Хорошо. Уйдем от «желтизны», если таковой кажется четкое формулирование на простом и доступном языке. Попробуем научно. Появляются «Тезисы к экспериментаторству» и «Критика критики критикой критичности». Они остаются без внимания. Вопрос: ПОЧЕМУ? «Леш… народ просто не догоняет»,– тихо в личку шепчет один из читателей. 

Совершенно верно. Не догоняет. Хотя, если вдуматься, в этих двух заметках научным, сухим языком написано то, что было бы можно представить броско и желто. И тогда снова бы полетели камни критики. У Игоря Клеха есть замечательный тезис: «…великий рельсовый путь от Москвы до Владивостока – это тот железный пояс, на котором держатся штаны страны. Не будь его – и Россия давно бы заканчивалась не на берегах Тихого океана, а на берегах «славного моря» Байкал…» Любому шовипатриоту вполне достаточно, чтобы врубить закись и мчаться на всех парах закатывать мордобой публицисту. 

Значит, научный метаязык непонятен, а спорное и ясное – «желтое»? Отлично. Tertium datur, ибо есть нечто среднее между публицистикой и наукой: но когда послание в «Цветах и вопросах» осталось для большинства как минимум туманным, я начал чесать репу уже по-настоящему. (На самом деле никто ничего так и не понял, начав ставить знак равно между мной и повествованием да оценивая форму.) Прямо подойти к человеку и сказать: «Ты дурак» – означает словить по рубильнику.

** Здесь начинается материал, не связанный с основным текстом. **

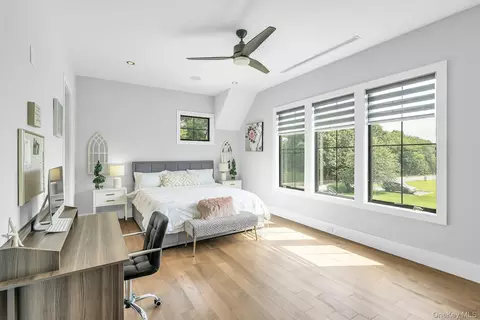 Other - 712 Hubbard Ave, Riverhead, NY 11901 photo 4 of 12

Подойти и сказать: «Ваши перцепции отличаются отложенностью во времени и наличием недостаточной рефлекторности» – значит или увидеть крутящийся у виска палец, или услышать: «Чо?» Сказать по-кантовски: «Скорее всего, вы нуждаетесь в дальнейшем эстетическом облагораживании» – значит встретиться с непониманием. 

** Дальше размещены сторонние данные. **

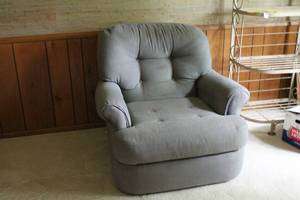 lot 1-93 image: Grey Oversized Flexsteel Upholstered Chair with Ottoman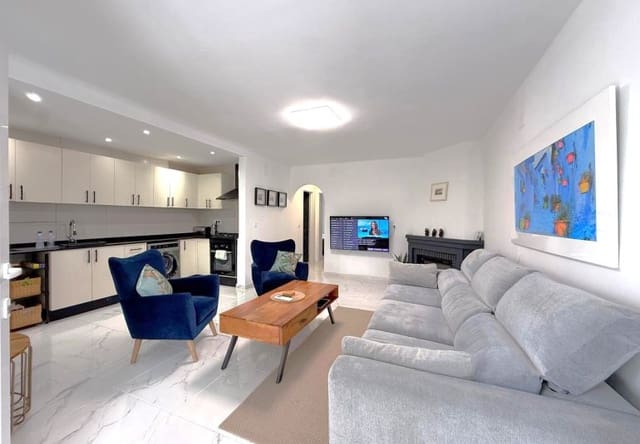 4 soveværelse Byhus til salg i Villamartin, Orihuela med swimmingpool - € 325.000 (Ref: 10026589)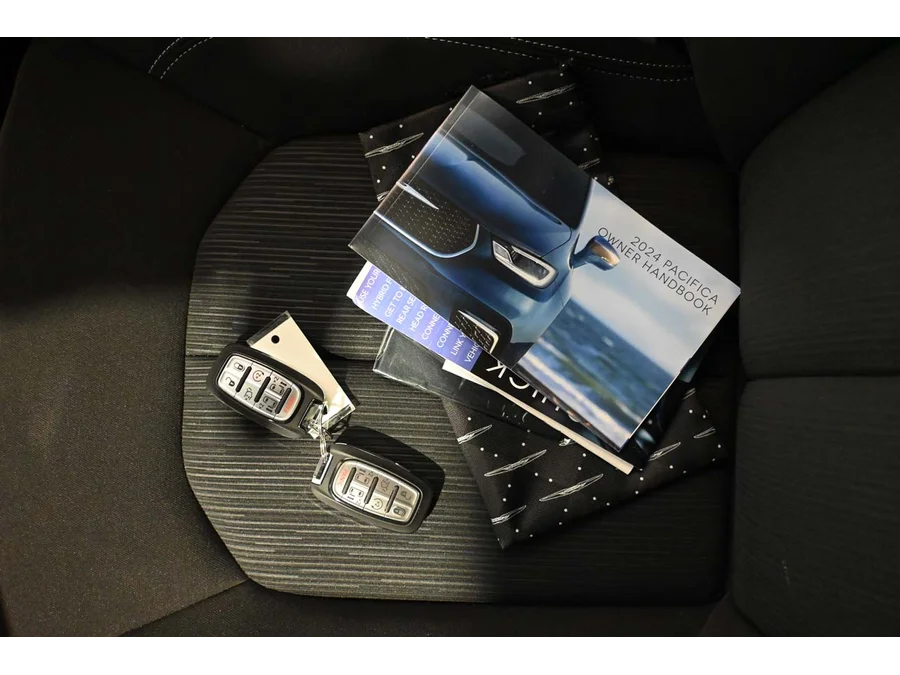 2024 Chrysler Pacifica Touring - Photo 40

Собственно, наш категориально-эстетический спор с Сергеем выиграл он – признавать все, так до конца. Я настаивал на понятности и доступности людям (см. обвинение Шостаковичу), но вместе с тем непротиворечивости излагаемого; Серж настаивал, что все равно найдется тот, кто поймет все неверно, и что идти на поводу у публики глупо. 

Делать то, что тебе кажется резонным. Не объяснять и не ждать понимания. Видеть свою логику и развивать ее. Стоять на ней, если уверен до конца. Мчаться не оглядываясь, пока есть силы. Стараться понять других, раз ты видишь, что не всегда понятен в своих изысканиях сам. Не бояться эксперимента – вплоть до разрушения устоев. Как Мейерхольд – получивший в конце пулю. Не оправдываться и не бормотать впоследствии. 

Просто не бояться. 

Всем может понравиться только золотая монетка свежего чекана.